**What needs to be done**
Write out the following listing's lines from the one with "Grey Prince of" to the one with "Quạt cây Kuchen", exactly, with both included and no others.

**Records for processing**
--- --- ---

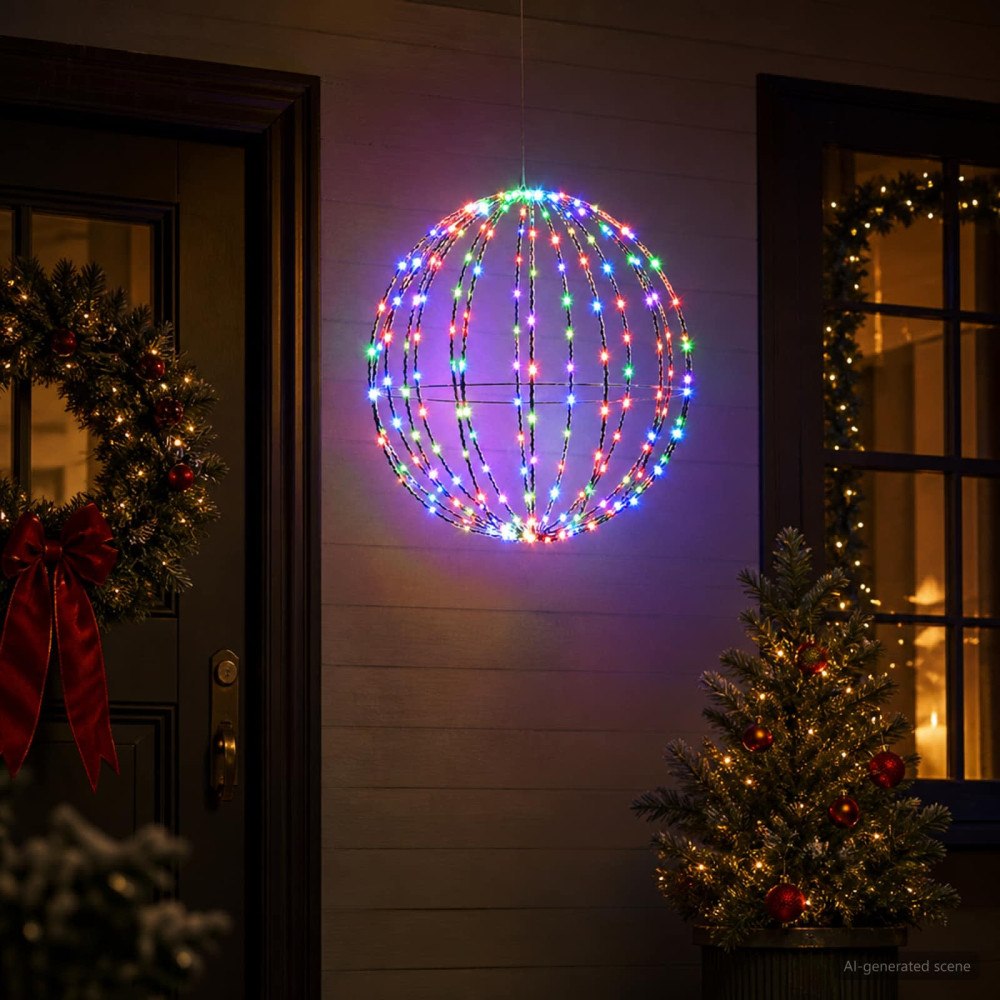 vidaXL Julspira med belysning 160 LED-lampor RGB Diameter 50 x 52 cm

--- --- ---

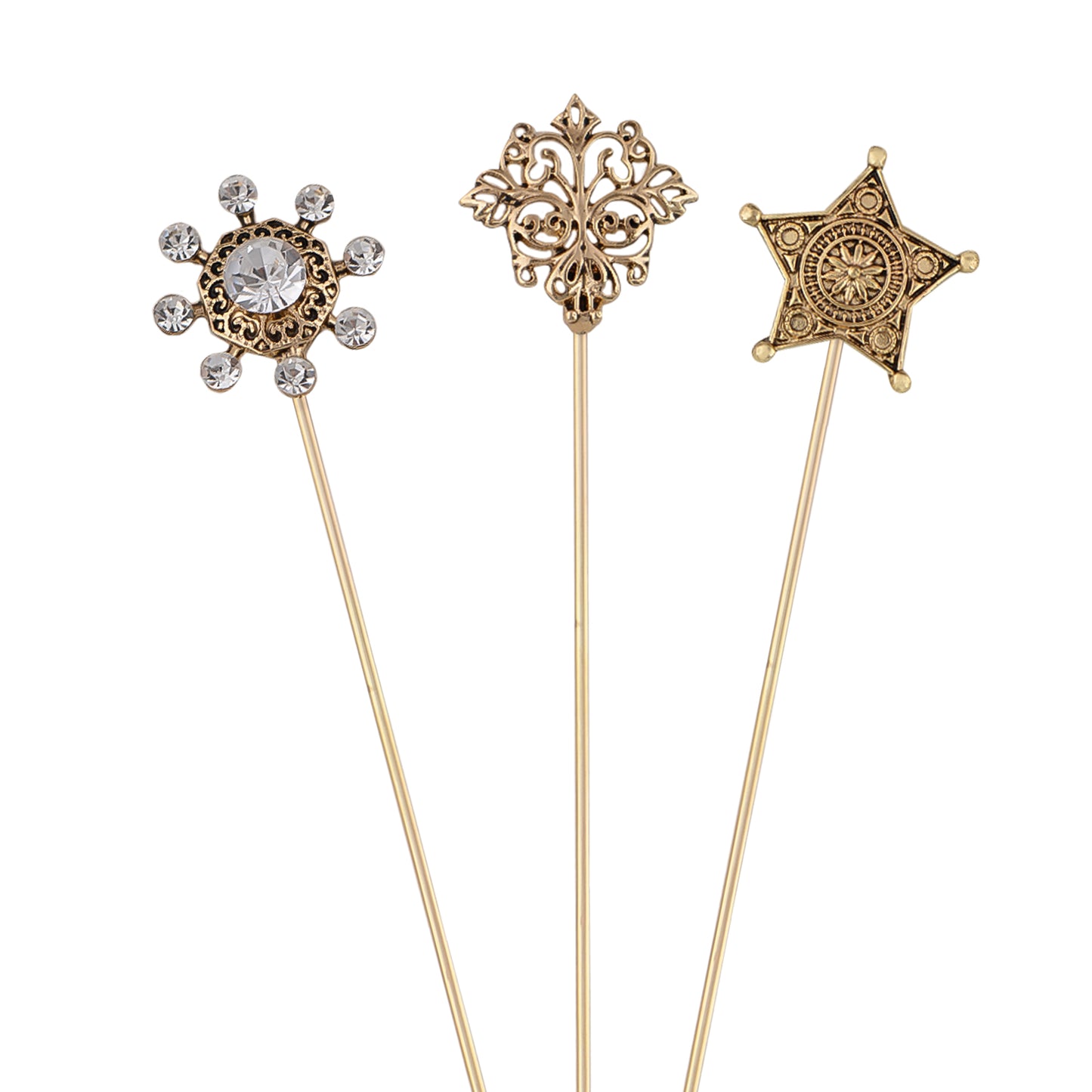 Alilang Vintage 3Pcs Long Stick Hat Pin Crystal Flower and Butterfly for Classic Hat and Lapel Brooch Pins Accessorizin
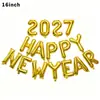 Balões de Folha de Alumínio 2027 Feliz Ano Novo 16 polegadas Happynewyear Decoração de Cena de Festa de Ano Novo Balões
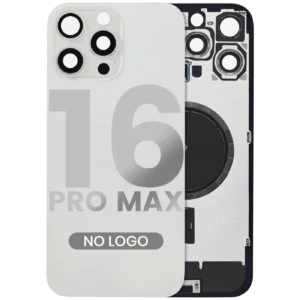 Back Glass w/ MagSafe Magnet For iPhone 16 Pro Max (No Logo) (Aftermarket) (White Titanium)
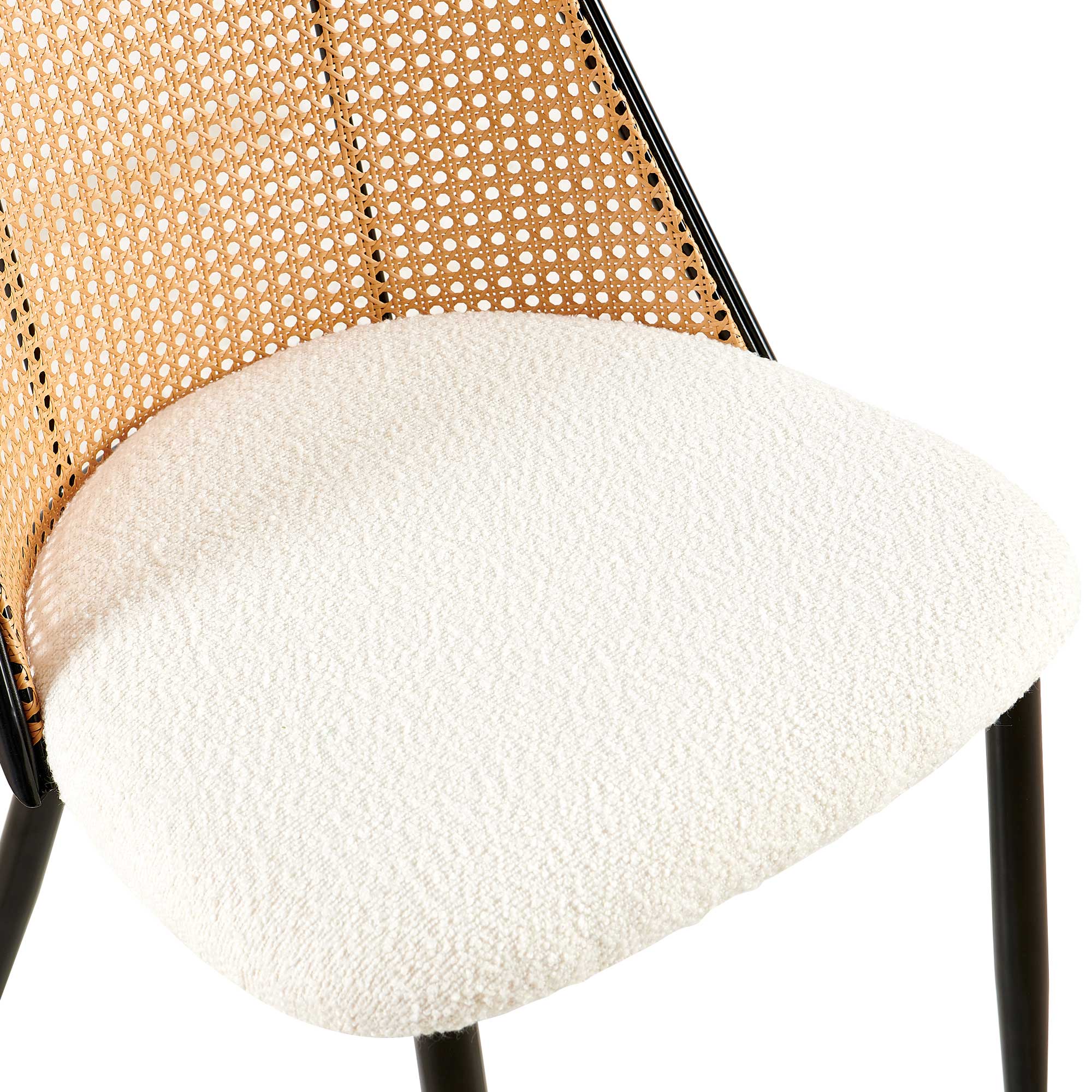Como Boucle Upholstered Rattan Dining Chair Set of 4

--- --- ---

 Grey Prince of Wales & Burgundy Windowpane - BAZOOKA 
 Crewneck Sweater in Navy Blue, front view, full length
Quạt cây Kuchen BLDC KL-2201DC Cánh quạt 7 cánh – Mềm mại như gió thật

--- --- ---

**Worked solution**
 Grey Prince of Wales & Burgundy Windowpane - BAZOOKA 
 Crewneck Sweater in Navy Blue, front view, full length
Quạt cây Kuchen BLDC KL-2201DC Cánh quạt 7 cánh – Mềm mại như gió thật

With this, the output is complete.